Fetchbot: “The Pandora for readers”

Fetchbot is a personalized content stream that fetches articles you’ll love on the internet and continually evolves with your tastes. You can train your Fetchbot by marking the article as “like” or “dislike”. The more feedback a user feeds to Fetchbot, the better results Fetchbot can gives back.

Check out Demo Video
- User ID input bar on top is a temporary work around to simulate experience for different users
- The user ID are from demo dataset
- This could be replaced by proper authentication

Problem Statement:

Content aggregator sites are too busy and noisy
Not tailored to individual tastes

Targeted User:

Casual readers
Not focused on time-sensitive content
Need quality and individualized content with a clean interface (Read more detailed user stories)

Technology Stack:

Frontend:
- Web UI: Angular2 + TypeScript
Backend:
- User Content Stream Service API: Ruby on Rails
- User Preference Database: Redis
- Content Recommendation: Recommendable
- Crawler: Python Scrapy
- Scraped Content Database: PostgresSQL

Architectural Design:

WebUI:

AngularJS 2 with TypeScript
Single-page Model-View-ViewModel design
Talks to Content Stream Service through REST-like API

Content Stream Service:(Rails API)

Search

Endpoint: HTTP GET /search/?q=&uid=
Response:
- Response is encoded in JSON
- Response includes article that matches search text
- Example:

{
	"items": [{
		"id": 1,
		"title": "article 1 title",
		"link": "http://example.com/article1",
		"summary": "article 1 summary",
		"keywords": "a few keywords"
	}, {
		"id": 2,
		"title": "article 2 title",
		"link": "http://example.com/article2",
		"summary": "article 2 summary",
		"keywords": "some other keywords"
	}]
}

Like

Endpoint HTTP POST /like/?cid=&uid=
Response:
- Response is encoded in JSON
- Response includes article that we recommend to user after considering user liked this content
- Example:

{
	"items": [{
		"id": 1,
		"title": "recommended article 1 title",
		"link": "http://example.com/recommended_article1",
		"summary": "recommended article 1 summary",
		"keywords": "a few keywords"
	}, {
		"id": 2,
		"title": "recommended article 2 title",
		"link": "http://example.com/article2",
		"summary": "recommended article 2 summary",
		"keywords": "some other keywords"
	}]
}

Dislike

Endpoint HTTP POST /dislike/?cid=&uid=
Response:
- Response is encoded in JSON
- Response includes article that we recommend to user after considering user disliked this content Once an article is disliked, it will never appear in the recommendation again
- Example:

{
	"items": [{
		"id": 1,
		"title": "recommended article 1 title",
		"link": "http://example.com/recommended_article1",
		"summary": "recommended article 1 summary",
		"keywords": "a few keywords"
	}, {
		"id": 2,
		"title": "recommended article 2 title",
		"link": "http://example.com/article2",
		"summary": "recommended article 2 summary",
		"keywords": "some other keywords"
	}]
}

Content Recommendation

Content-based Search using PostgreSQL text search
- “Search” API endpoint is implemented using PostgreSQL text-based search.
- Current implementation does not have fine-tuned ranking capability.
- This could be improved with better search engine like ElasticSearch.
Collaborative filtering using Recommendable
- Has user model and article model
- For each user, record user’s set of liked articles and disliked articles
- When a user dislike an article, we also hide this article from this user so that it never appears in recommendation for this user.
- When generating recommendation for a user, use Jaccardian similarity for find users with similar tastes and return these users’ liked articles.
- Recommendable uses Redis to store users’ liked and disliked articles.

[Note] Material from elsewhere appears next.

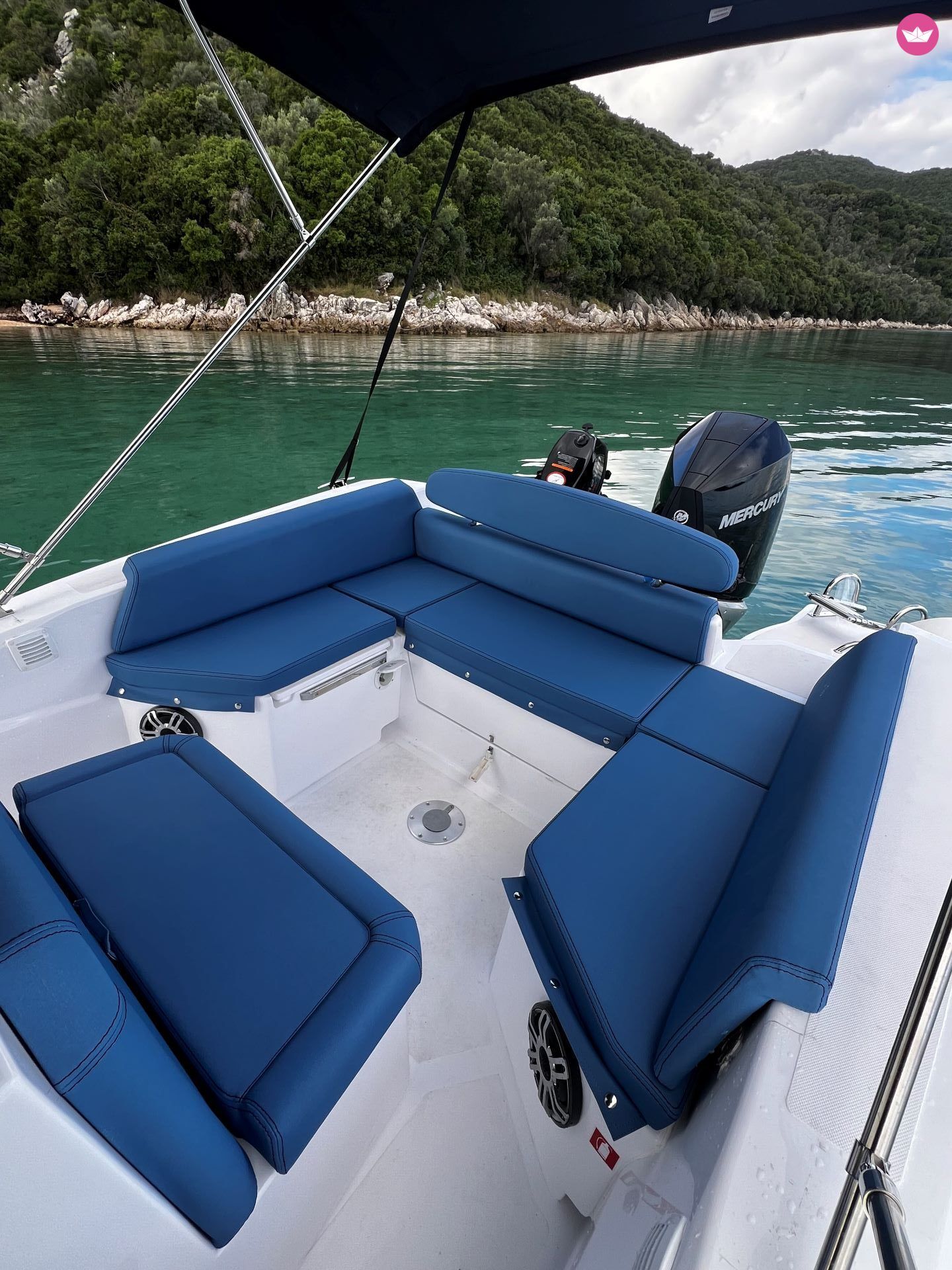 Bateau à moteur mvmarine 27gt 250cv 4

It also uses Redis’ set operation to perform Jaccardian similarity operation efficiently.

Crawler Python Scrapy

We only have URLs from the deli.ci.ous data set, therefore we need to crawl the actual content from Internet using a crawler
We use scrapy to crawl web page content
Web page is processed through a data processing pipeline that extract:
- Title, from HTML page heading
- Summary, from HTML page description meta tag and with heuristics
- Keywords, if HTML page has such meta tag
- Extract web page data is saved to PostgreSQL as Articles

Entity-Relation Diagram

Business Decisions

How to solve the “cold start” problem
- Initially we don’t know what users like or dislike.
- User probably already has articles to they want to read in mind, therefore showing random articles does not seem to be useful.
- We also considered showing the top N popular articles from all users. But it does not deliver a personalized product experience.
- We decided to give user a search box and let user browse search results and mark article with like or dislike.
- We could also add a “select your interests” step when user first come to our site.
Whether there should be a “skip/swipe to dismiss” feature
- We could have a Skip/Swipe to dismiss feature to allow users who are indifferent(not interested but not to the extend of dislike) to the article to skip the article.
- Pandora has similar feature to allow users to skip music.
- We decided not implement this feature and only keep “like” and “dislike”.
- Our product is different than music recommendation because user rarely want to read an article twice where as a user would very likely to want to listen to a liked music many times. Therefore we do not need to differentiate user’s feedback from skip (not interested for now) and dislike/hate/never-show-again.
- Instead, we could add a feature to let users to revisit a list of liked articles.
- Also, in this way, we can encourage user to provide more effective feedbacks(like/dislike) for recommendation algorithms to work with.
Whether there should be "channels"
- We could have a channel feature that is similar to “Station” in Pandora.
- Each channel could be focused on a single topic.
- This could improves intra-channel content cohesion.
- However channel feature will complicate UX by having multiple article lists for user to choose from.
- For leisure + discovery reading multiple channels are not really necessary.
- For now, we decide to drop the channel feature to keep UX simple and focused.

Demo Data Set:

Deli.ci.ous bookmarks dataset(2011)
1800+ users
69,000+ articles (URLs)
Initially, I built a crawler to scrape new contents to my recommender system. However, collaborative filtering requires a large user preference dataset to has its best effect. Because I don’t have any user to start with. I need to find a dataset to test run my algorithm. It is hard to find a real dataset that represents user’s reading habits. Fortunately, I found Deli.ci.ous bookmarks dataset (2011) with more than eighteen hundred users (1800+) bookmarking more than sixty-nine thousand (69,000) articles. I considered user’s bookmark as indication that user likes this article. After I imported the dataset into my system, I can see collaborative filtering algorithm [start working](Demo Video.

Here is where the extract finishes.